Discriminative Representation Learning for Clinical Prediction

arXiv cs.LG / 3/24/2026

💬 OpinionIdeas & Deep AnalysisModels & Research

Key Points

  • The paper challenges the common healthcare “foundation model” approach that relies on self-supervised, generative-style pretraining (e.g., reconstruction/large-scale representation learning from NLP and CV) before fine-tuning for clinical tasks.
  • It proposes an outcome-centric supervised representation learning framework that shapes embedding geometry by maximizing inter-class separation relative to within-class variance, aligning capacity to clinically meaningful axes.
  • Experiments across multiple longitudinal electronic health record prediction tasks (including mortality and readmission) show consistent improvements over masked, autoregressive, and contrastive pretraining baselines when model capacity is matched.
  • The method is reported to improve discrimination, calibration, and sample efficiency while using a simpler single-stage optimization training pipeline.
  • The authors argue that in “low entropy,” outcome-driven clinical domains where high-quality labels are available, direct outcome alignment may be a statistically optimal driver—potentially removing the assumption that large-scale self-supervised pretraining is required for strong performance.

Abstract

Foundation models in healthcare have largely adopted self supervised pretraining objectives inherited from natural language processing and computer vision, emphasizing reconstruction and large scale representation learning prior to downstream adaptation.

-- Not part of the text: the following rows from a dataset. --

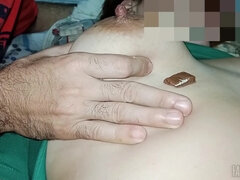 Amateur, Gordita, Lactando, Maduro, Madres para coger, Pezones, Realidad, Chupando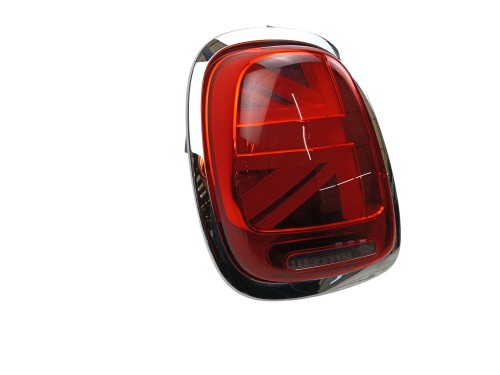 LAMPA LEWY TYŁ MINI COOPER F55 LIFT (2018-2020) 2.0 T 192KM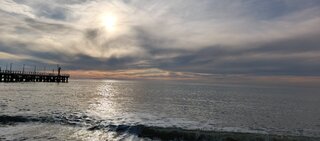 IMG_20260106_150546_008.thumb.jpg.c28dec9f3b20398aa28194e662056d0d.jpg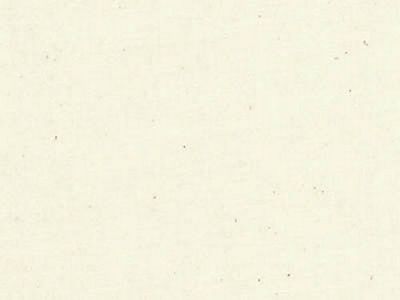Muslin Natural Unbleached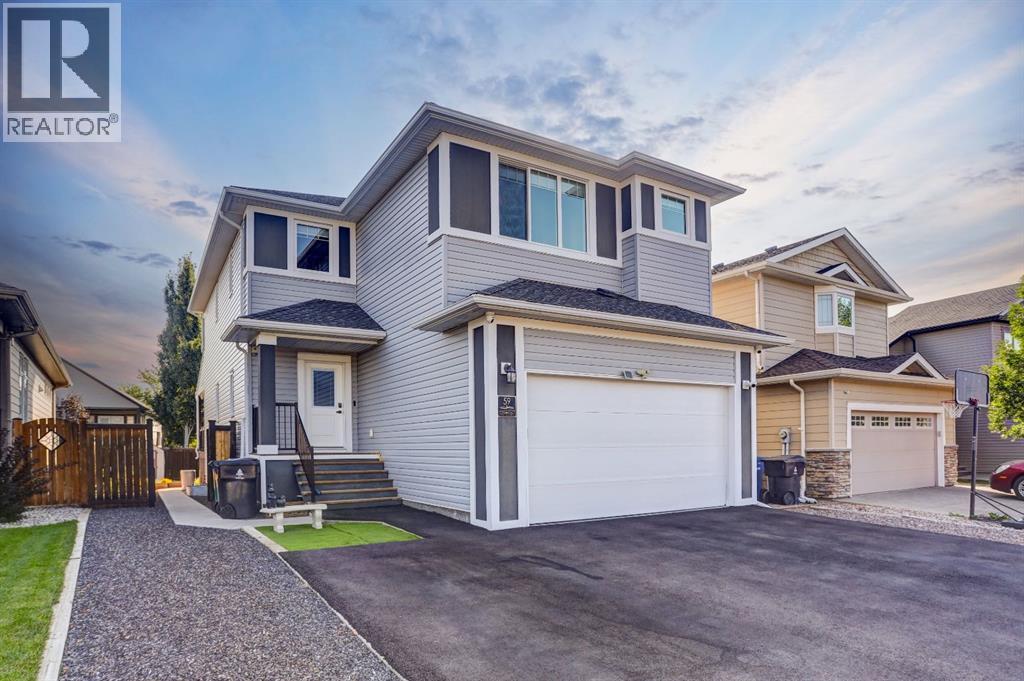 59 Sixmile Rd S, Lethbridge, AB T1K 5S6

We revisit this paradigm in outcome centric clinical prediction settings and argue that, when high quality supervision is available, direct outcome alignment may provide a stronger inductive bias than generative pretraining. We propose a supervised deep learning framework that explicitly shapes representation geometry by maximizing inter class separation relative to within class variance, thereby concentrating model capacity along clinically meaningful axes. Across multiple longitudinal electronic health record tasks, including mortality and readmission prediction, our approach consistently outperforms masked, autoregressive, and contrastive pretraining baselines under matched model capacity. The proposed method improves discrimination, calibration, and sample efficiency, while simplifying the training pipeline to a single stage optimization. These findings suggest that in low entropy, outcome driven healthcare domains, supervision can act as the statistically optimal driver of representation learning, challenging the assumption that large scale self supervised pretraining is a prerequisite for strong clinical performance.